◆ **ENTRIES SHOWN**:

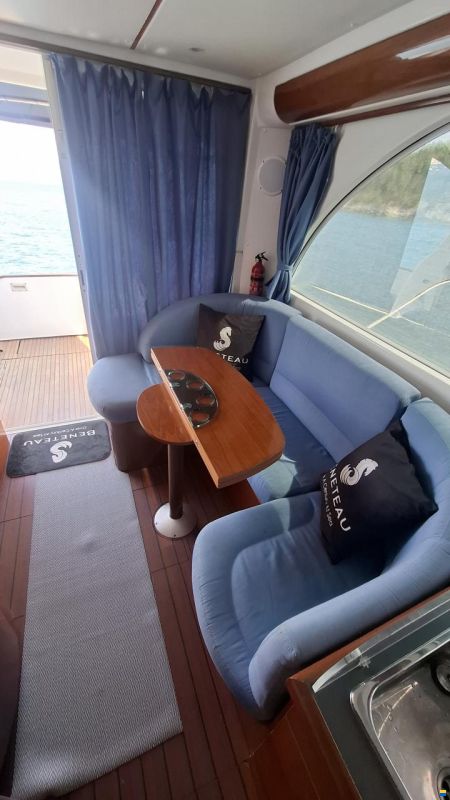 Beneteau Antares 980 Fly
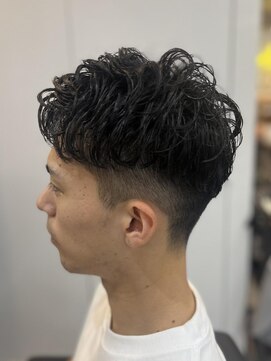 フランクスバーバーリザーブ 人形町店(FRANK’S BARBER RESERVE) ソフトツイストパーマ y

...

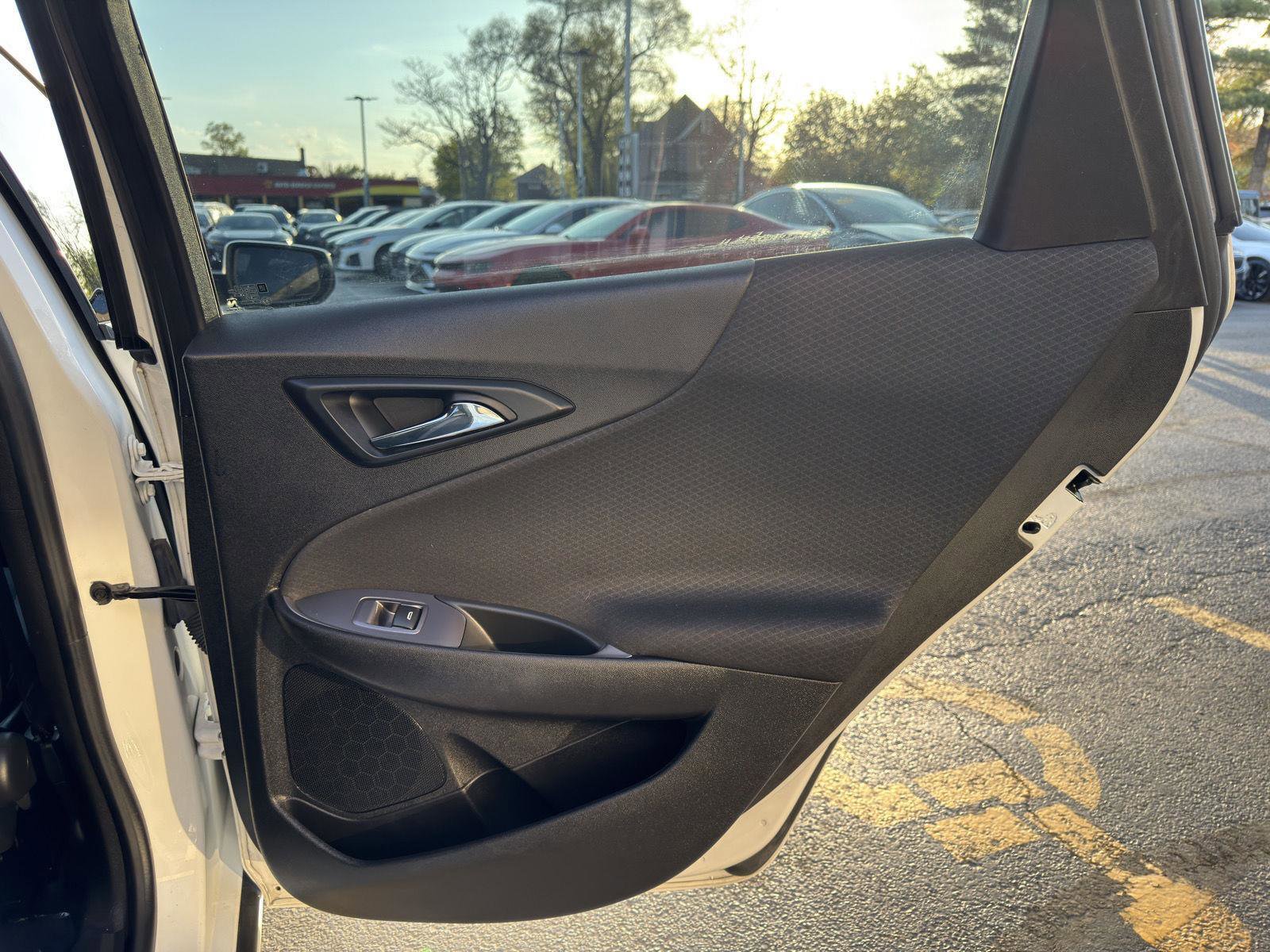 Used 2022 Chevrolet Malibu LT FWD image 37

◆ **WHAT IS EXPECTED**: In the listing above, find the line with "Beneteau Antares 980 Fly" and the line with "フランクスバーバーリザーブ 人形町店(FRANK’S BARBER". Copy exactly those two and every line between, without the pictures.

◆ **TASK RESULT**:
 Beneteau Antares 980 Fly
 フランクスバーバーリザーブ 人形町店(FRANK’S BARBER RESERVE) ソフトツイストパーマ y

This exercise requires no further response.